Africa and Caribbean states have always maintained a sense of unity and solidarity and President Kenyatta sought to leverage Kenya’s historic ties with the West Indies to secure the crucial votes.

Kenya’s first chief justice, Cecil Miller, was Guyanese while Jamaican lawyer Dudley Thompson is credited with assembling a team of international legal minds to defend Kenya’s founding president Jomo Kenyatta, who was President Kenyatta’s father, at his trial during Kenya’s Independence struggle.

Prime Minister Gaston Browne of Antigua and Barbuda assured President Kenyatta: “We promise you the support of Antigua and Barbuda as well as the whole of Caribbean Community and Common Market countries (Caricom).”

Similarly, Guyana’s President David Granger and the Prime Minister of Saint Vincent and the Grenadines Ralph Gonsalves said they will rally the 15 Caribbean nations to support Kenya’s ICC stance.
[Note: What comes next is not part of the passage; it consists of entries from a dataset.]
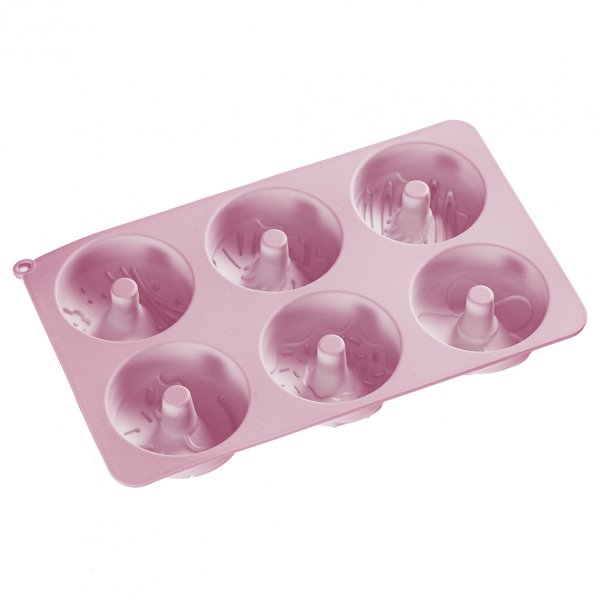 Silikonform - Verschiedene Größen und Motive Silikonform - Verschiedene Größen und Motive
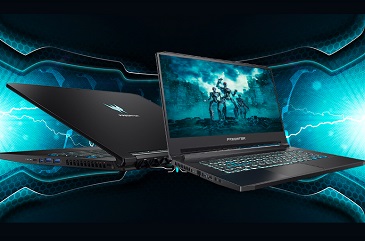 laptop-acer-predator-triton-500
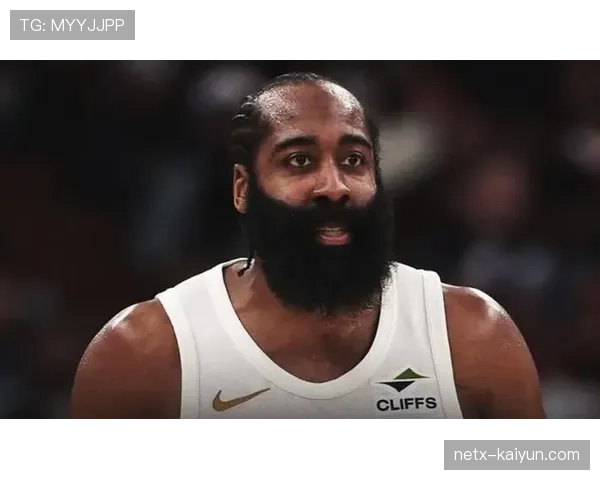 NBA造犯规能力排行榜：哈登10002次排第7，詹姆斯未进前五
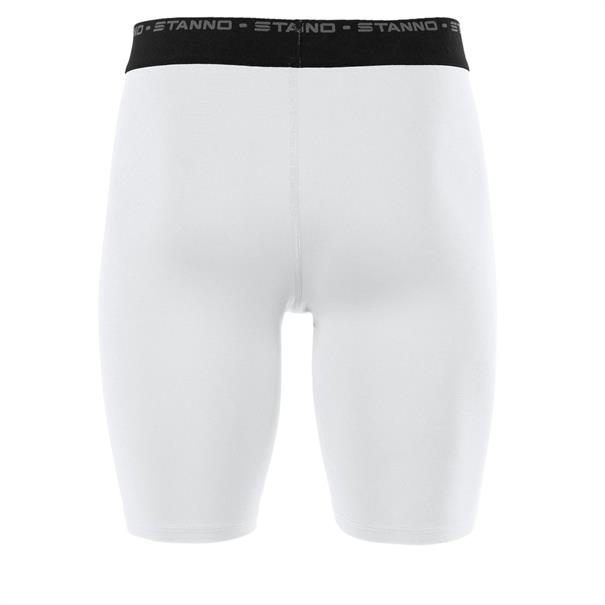 Stanno stanno core baselayer shorts
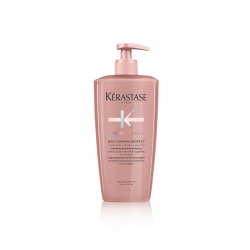 CRHOMA ABSOLU BAIN RESPECT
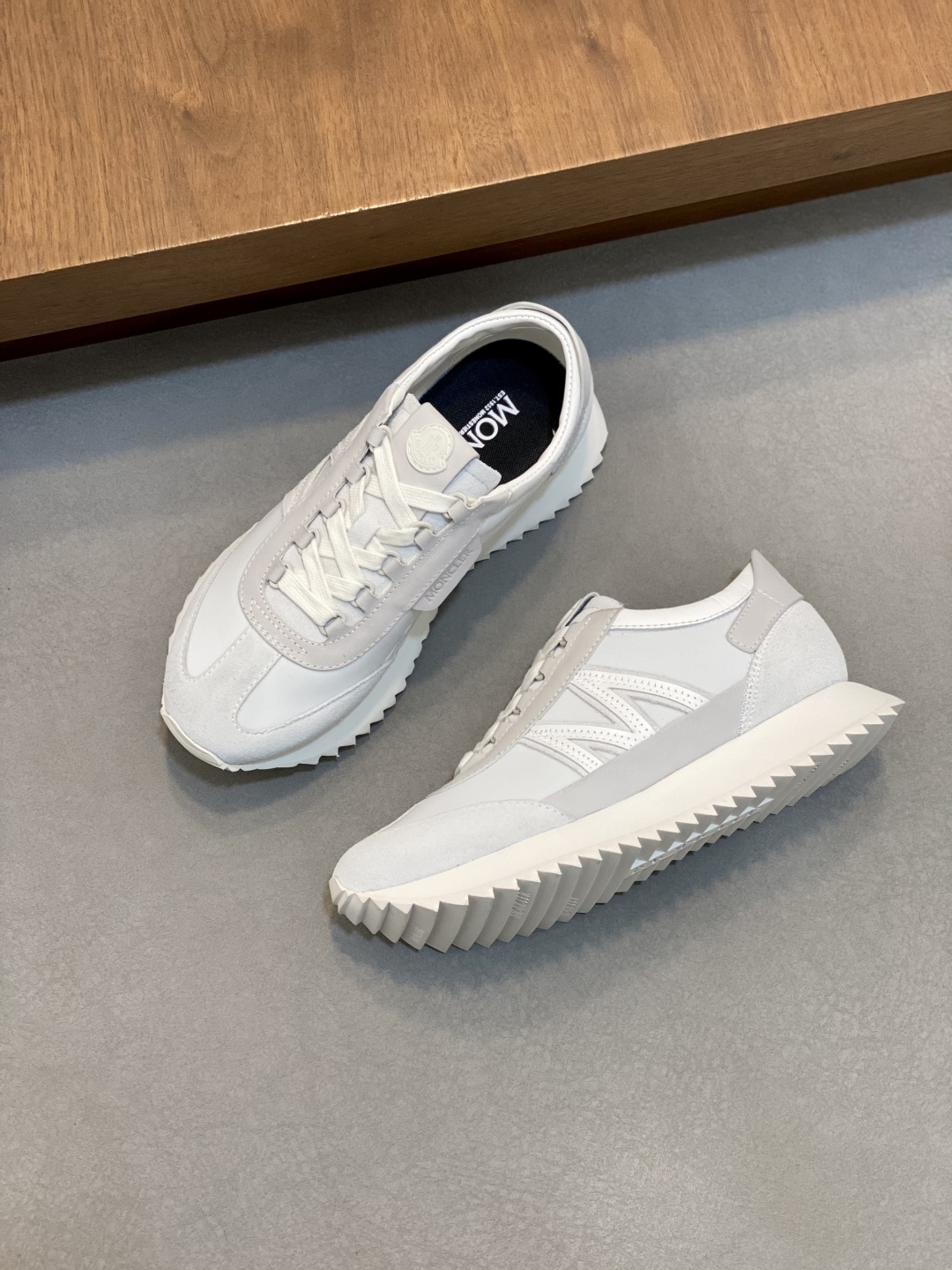 15549088be28018de54149550dc09055_1758341514_2474.jpg 15549088be28018de54149550dc09055_1758341514_2474_1758341555.jpg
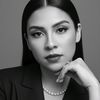 leonellapacheco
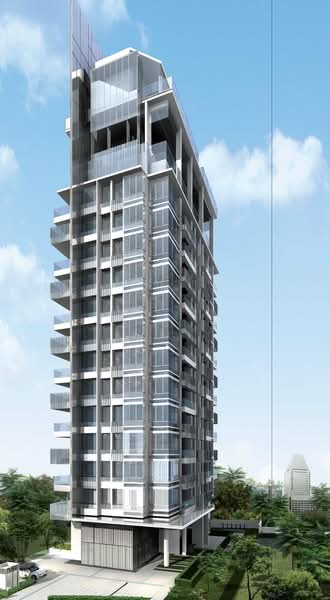 Additional image 20 of 51 Cairnhill Circle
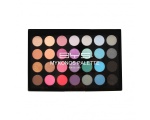 BYS Eyeshadow Palette MYKONOS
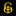 newyorkflowers.ru favicon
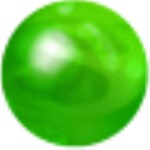 Zend Studio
President Kenyatta also took the opportunity to mend fences with old allies and establish friendships with other countries that traditionally do not usually appear on Kenya’s foreign policy radar. He held talks with the Prime Minister of the United Kingdom, David Cameron, Latvia’s President Raimonds Vejonis and the Prime Minister of Sweden, Stefan Loften.

Prime Minister Cameron last met President Kenyatta in May 2013 during the London Somalia Conference, but the event reportedly embarrassed Nairobi when it emerged that there would be no photo ops.